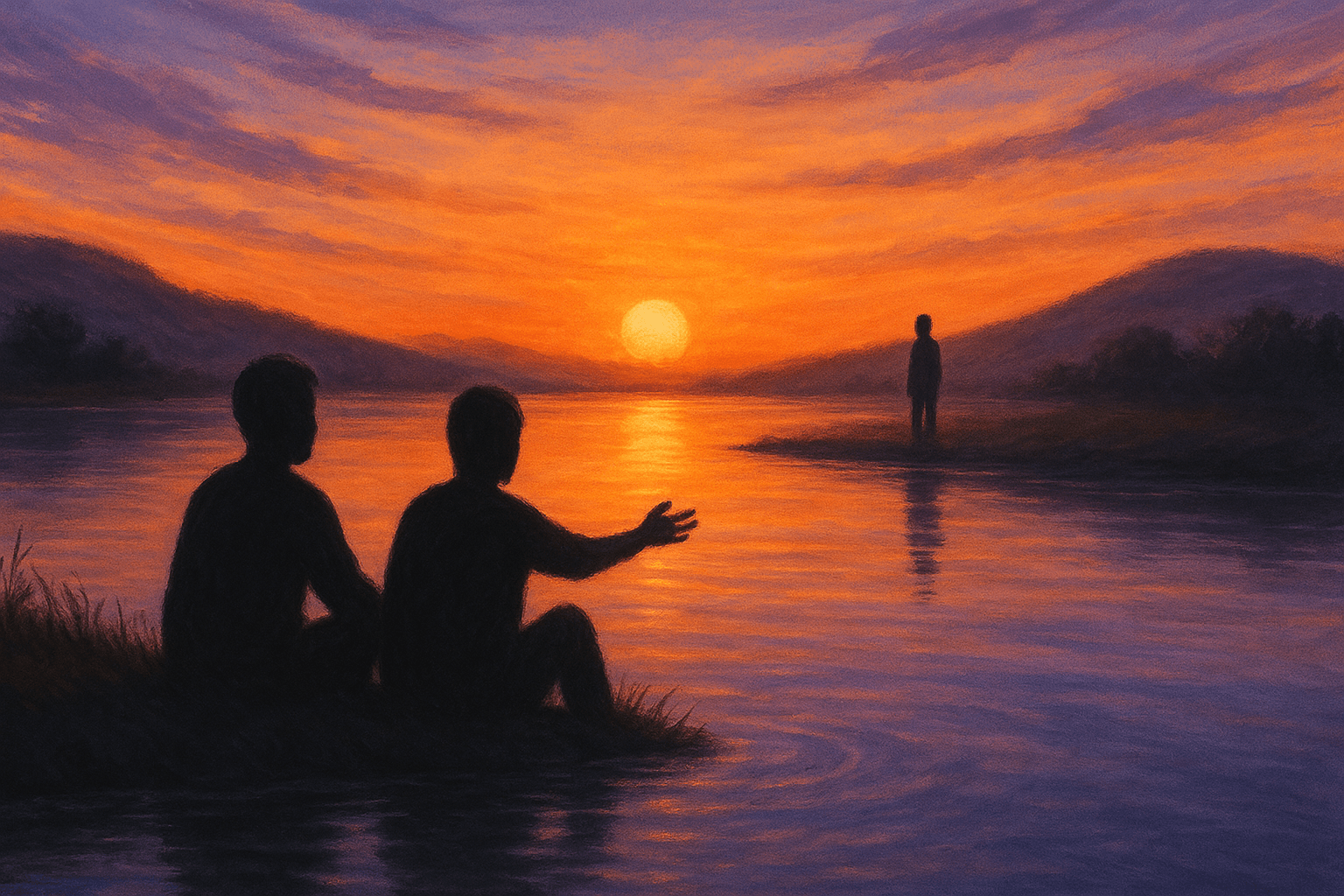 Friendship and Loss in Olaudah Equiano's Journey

****

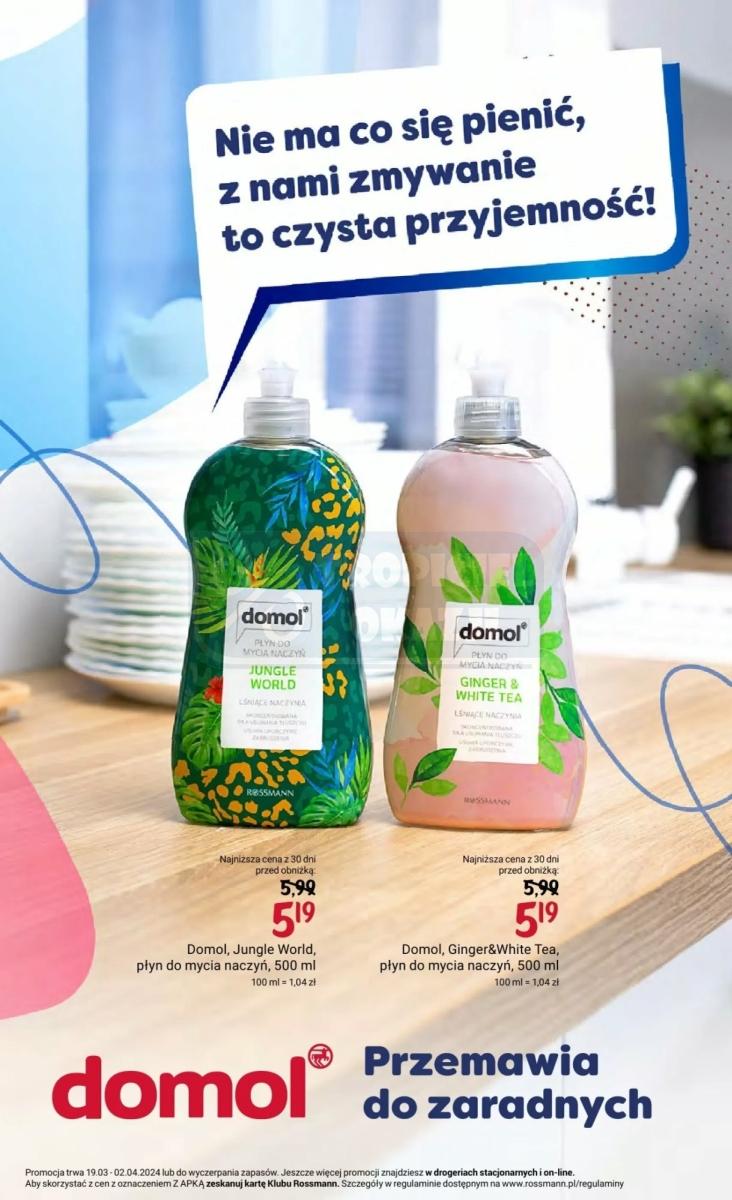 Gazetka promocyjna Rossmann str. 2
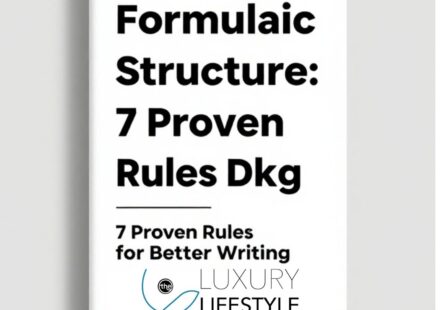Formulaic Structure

****

## PROBLEM REQUIREMENTS
In the listing above, find the line containing "Gazetka promocyjna Rossmann str. 2" and the line containing "Formulaic Structure". Reproduce those lines and all between them exactly, with no pictures and nothing more.

## FINAL ANSWER
 Gazetka promocyjna Rossmann str. 2
Formulaic Structure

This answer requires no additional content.